Position Overview
We are looking for a skilled DevOps & Site Reliability Engineer (SRE) to join our blockchain engineering team. This hybrid role blends DevOps principles with SRE practices to ensure our blockchain systems are reliable, scalable, and efficient. You will own the full lifecycle of infrastructure — from design and automation to monitoring and optimization — while driving resilience, performance, and developer productivity.
Key Responsibilities
- Design, deploy, and maintain scalable, secure, and highly available infrastructure for blockchain services.
- Manage and optimize AWS services (EC2, RDS, S3, EKS, ECR) and support workloads on Cloud Server.

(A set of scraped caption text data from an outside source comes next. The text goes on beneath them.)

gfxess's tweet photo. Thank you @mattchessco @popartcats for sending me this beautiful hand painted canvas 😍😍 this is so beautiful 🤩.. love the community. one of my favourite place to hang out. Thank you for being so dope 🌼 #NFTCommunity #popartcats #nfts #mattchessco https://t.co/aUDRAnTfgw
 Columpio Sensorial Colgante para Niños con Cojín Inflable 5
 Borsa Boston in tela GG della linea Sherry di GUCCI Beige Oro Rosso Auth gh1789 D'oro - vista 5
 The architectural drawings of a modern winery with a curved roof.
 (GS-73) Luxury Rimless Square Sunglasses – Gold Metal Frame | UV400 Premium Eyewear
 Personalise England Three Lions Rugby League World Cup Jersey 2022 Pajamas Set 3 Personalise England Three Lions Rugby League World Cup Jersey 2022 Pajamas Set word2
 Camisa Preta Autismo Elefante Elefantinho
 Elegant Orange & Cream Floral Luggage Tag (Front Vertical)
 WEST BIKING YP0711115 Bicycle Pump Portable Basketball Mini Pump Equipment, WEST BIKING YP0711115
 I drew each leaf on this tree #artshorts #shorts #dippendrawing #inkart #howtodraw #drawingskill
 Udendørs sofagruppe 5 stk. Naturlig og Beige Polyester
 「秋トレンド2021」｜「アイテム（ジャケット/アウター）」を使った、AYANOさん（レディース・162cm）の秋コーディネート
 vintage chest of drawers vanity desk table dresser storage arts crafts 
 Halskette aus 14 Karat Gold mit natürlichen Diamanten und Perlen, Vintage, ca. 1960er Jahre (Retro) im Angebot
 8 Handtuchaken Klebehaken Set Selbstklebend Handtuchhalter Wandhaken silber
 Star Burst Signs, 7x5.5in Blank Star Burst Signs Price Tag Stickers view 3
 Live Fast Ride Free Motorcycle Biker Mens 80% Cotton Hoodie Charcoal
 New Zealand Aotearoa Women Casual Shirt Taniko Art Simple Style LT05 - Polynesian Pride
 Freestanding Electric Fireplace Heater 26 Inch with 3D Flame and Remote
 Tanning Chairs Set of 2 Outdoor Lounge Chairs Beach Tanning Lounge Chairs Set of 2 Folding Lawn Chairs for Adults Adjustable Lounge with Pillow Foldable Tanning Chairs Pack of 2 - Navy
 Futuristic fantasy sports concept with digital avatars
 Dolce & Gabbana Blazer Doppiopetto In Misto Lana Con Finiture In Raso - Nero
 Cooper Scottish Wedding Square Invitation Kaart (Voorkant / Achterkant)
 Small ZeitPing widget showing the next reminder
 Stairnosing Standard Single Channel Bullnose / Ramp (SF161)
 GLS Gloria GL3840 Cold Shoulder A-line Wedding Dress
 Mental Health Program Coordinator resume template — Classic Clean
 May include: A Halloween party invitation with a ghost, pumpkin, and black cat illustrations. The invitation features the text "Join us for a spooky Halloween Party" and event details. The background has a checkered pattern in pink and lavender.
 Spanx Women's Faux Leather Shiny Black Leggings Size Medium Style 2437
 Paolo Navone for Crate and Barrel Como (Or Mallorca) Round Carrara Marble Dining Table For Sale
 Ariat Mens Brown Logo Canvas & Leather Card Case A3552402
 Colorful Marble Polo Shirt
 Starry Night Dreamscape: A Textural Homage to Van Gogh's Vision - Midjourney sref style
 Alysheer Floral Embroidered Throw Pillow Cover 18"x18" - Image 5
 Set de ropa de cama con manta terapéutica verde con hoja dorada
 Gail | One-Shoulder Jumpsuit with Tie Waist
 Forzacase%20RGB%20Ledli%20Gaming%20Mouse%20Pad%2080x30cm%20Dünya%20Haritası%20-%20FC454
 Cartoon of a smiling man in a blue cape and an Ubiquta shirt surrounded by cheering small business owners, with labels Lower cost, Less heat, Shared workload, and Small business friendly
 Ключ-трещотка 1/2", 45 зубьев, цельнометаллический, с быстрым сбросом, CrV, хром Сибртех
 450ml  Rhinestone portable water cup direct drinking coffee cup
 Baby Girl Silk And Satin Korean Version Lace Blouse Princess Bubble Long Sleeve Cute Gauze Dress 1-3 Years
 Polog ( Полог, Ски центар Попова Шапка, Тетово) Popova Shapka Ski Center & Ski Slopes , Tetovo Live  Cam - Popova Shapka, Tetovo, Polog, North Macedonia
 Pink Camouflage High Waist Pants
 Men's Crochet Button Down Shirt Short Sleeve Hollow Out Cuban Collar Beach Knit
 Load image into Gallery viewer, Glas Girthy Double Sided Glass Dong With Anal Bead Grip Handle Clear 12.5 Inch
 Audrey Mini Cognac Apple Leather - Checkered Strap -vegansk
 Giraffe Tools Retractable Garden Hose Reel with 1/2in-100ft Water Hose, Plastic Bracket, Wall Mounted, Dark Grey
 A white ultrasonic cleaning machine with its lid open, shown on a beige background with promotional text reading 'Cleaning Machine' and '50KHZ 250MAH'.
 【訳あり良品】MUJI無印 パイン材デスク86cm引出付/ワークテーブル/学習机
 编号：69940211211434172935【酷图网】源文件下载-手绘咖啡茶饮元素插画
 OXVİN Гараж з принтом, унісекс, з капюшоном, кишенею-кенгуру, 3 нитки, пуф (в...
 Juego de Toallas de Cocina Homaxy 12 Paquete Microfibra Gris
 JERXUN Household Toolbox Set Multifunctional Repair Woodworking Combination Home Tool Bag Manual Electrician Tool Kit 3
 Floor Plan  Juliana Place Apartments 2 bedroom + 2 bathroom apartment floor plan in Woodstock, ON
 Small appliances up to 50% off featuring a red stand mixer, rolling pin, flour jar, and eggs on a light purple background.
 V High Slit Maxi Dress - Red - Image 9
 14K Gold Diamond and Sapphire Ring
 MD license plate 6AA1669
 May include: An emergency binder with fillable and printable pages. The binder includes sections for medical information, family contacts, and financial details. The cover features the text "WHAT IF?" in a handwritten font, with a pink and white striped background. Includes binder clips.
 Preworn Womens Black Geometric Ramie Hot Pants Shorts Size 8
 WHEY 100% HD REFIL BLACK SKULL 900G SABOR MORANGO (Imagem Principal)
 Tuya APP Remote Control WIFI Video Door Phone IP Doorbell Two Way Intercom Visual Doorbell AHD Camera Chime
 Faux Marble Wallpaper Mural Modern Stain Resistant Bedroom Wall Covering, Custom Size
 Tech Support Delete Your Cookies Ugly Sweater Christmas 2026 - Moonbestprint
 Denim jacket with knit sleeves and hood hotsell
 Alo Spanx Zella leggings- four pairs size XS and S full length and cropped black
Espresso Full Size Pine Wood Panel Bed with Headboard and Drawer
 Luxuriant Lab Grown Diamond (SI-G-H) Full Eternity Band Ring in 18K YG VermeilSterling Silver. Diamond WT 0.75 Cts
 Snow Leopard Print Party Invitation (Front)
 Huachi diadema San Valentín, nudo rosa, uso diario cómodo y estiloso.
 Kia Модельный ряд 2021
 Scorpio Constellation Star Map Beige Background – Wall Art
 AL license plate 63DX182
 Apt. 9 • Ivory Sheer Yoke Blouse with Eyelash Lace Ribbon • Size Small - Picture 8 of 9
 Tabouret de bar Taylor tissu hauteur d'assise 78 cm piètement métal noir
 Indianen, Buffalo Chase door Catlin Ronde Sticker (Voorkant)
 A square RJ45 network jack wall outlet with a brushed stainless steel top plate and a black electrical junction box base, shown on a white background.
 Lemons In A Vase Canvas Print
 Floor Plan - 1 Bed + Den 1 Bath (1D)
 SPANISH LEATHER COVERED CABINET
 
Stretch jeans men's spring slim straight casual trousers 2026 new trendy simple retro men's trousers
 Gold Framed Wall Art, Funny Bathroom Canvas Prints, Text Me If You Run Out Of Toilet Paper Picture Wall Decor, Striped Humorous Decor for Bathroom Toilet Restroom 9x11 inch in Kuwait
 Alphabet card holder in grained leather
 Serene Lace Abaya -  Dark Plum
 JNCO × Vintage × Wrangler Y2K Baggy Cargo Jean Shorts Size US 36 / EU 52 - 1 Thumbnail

- Build and maintain robust CI/CD pipelines using Jenkins and Git for automated delivery.
- Manage deployment of core services including Linux, Nginx, Redis, MySQL, ensuring reliability and performance.
- Streamline software release cycles with zero-downtime deployments.
- Establish monitoring, alerting, and logging frameworks (Prometheus, Grafana, ELK, CloudWatch, GCP Monitoring).
- Proactively identify, diagnose, and resolve performance bottlenecks, availability risks, and incidents.
- Lead post-incident reviews and drive improvements to eliminate recurring issues.
- Partner with blockchain engineers and developers to improve developer experience and infrastructure reliability.
- Drive automation initiatives to reduce toil and manual operations.
Requirements
- Bachelor degree or above, more than 3 years related experience, majoring in computer science, engineering, Information Systems or other related majors.
- Strong experience with Linux administration, networking, and system performance tuning.
- Hands-on experience with AWS (EC2, RDS, S3, EKS, ECR); exposure to Google Cloud.
- Proficiency in Jenkins, Nginx, Redis, MySQL, Git and other deployment/optimization tools.
- Practical knowledge of infrastructure-as-code.
- Familiarity with monitoring/observability tools.
- Experience in distributed systems, scaling, and high-availability environments.
- Familiarity with DevSecOps practices and compliance frameworks.
- Ownership mindset with strong problem-solving ability.
- Good communication skills and teamwork spirit.
- Proficiency in English and Chinese for seamless stakeholder communication.